ITR Filing 2019: Filing income tax returns for FY 2018-19? Here is all you need to know
September, 09th 2019
Identifying the different categories of taxpayers, the Central Board of Direct Taxes (CBDT) has notified seven types of ITR forms for each class of taxpayer
ITR Filing 2019: The last date for filing Income Tax Returns (ITRs) is just around the corner. Taxpayers are required to furnish the details of income earned, source/ nature of the same and the tax paid or payable for financial year 2018-19. All individuals who have gross total income (before deduction under Chapter VI A) of over Rs 2.5 lakh are required to file ITRs. For those above 60 and below 80 years of age, the basic exemption limit is Rs 3 lakh and for those above 80 years, it is Rs 5 lakh.
Identifying the different categories of taxpayers, the Central Board of Direct Taxes (CBDT) has notified seven types of ITR forms for each class of taxpayer. However, ITR-1 to 4 have been identified for individuals and HUFs. ITR-1, widely known as SAHAJ, is a simple form and can be filed by resident individuals having total income up to Rs 50 lakh, having income from salaries, one house property, other sources and/or agricultural income up to Rs 5,000.

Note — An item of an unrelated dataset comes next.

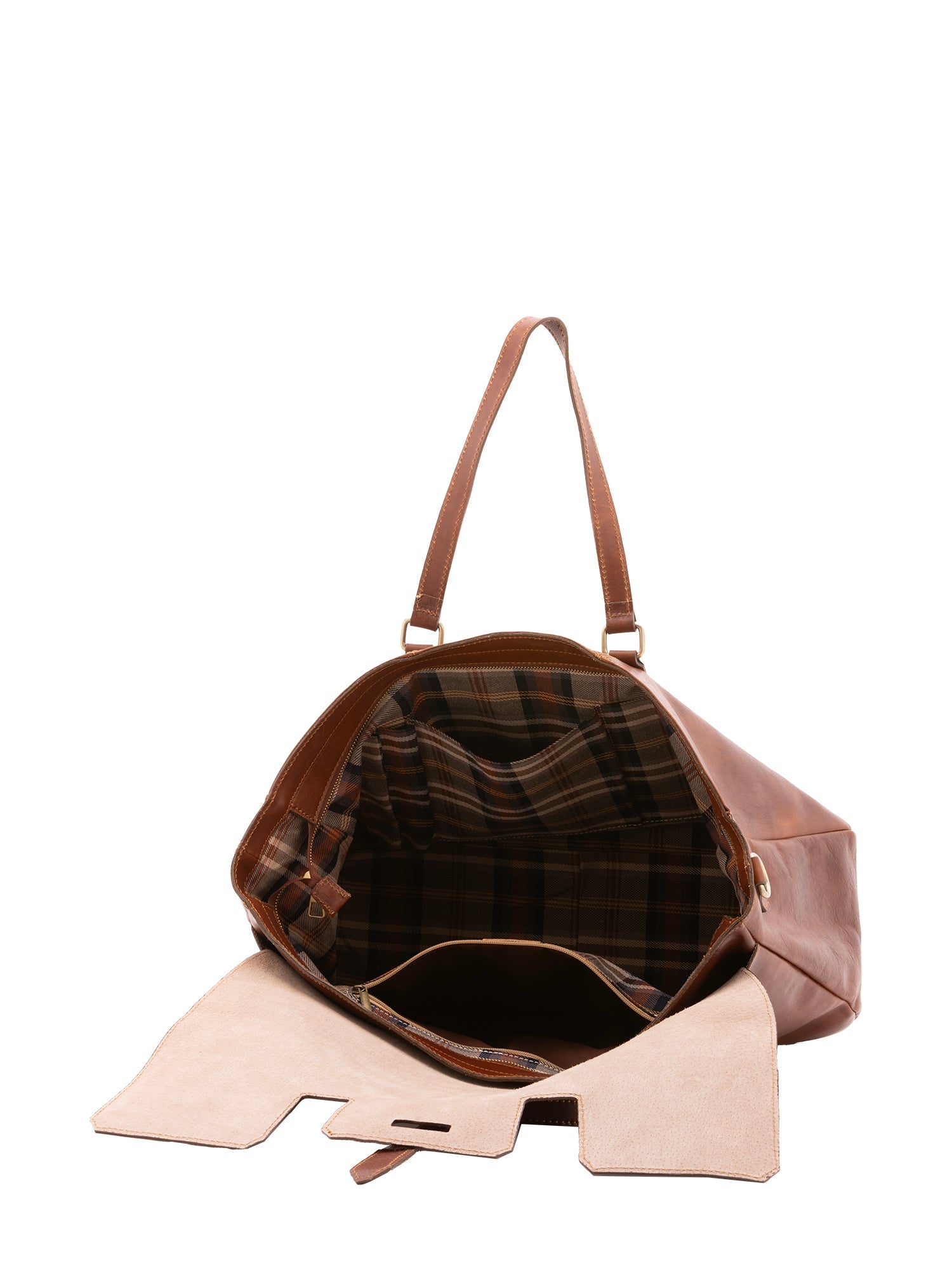 Borsa da viaggio unisex in vera pelle 100% cotone 4066-MARRONE Alessia Firenze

ITR-2 is required to be filed by individuals and Hindu Undivided Families (HUFs) not having income from Profits and Gains from Business and Profession (PGBP) and ITR-3 is for individuals and HUFs having income under head PGBP. Further, ITR-4 is for persons (Individuals/HUFs/ Firms), being residents and having income below `50 lakh and who have opted for presumptive taxation under section 44AD, 44ADA or 44AE. ITR-2 and ITR-4 cannot be filed by an individual who is a director in a company or has invested in unlisted equity shares.
What is different this year? In the new ITR forms, some of the existing schedules have been modified and some new schedules have been introduced, seeking additional information from the taxpayers. The new forms have taken into account the changes introduced in Budget 2018-19. Resultantly, taxpayers can claim standard deduction of Rs 40,000 from their salary income and the elderly can claim higher deduction of Rs 50,000 under section 80TTB of interest on savings, fixed as well as post office deposits.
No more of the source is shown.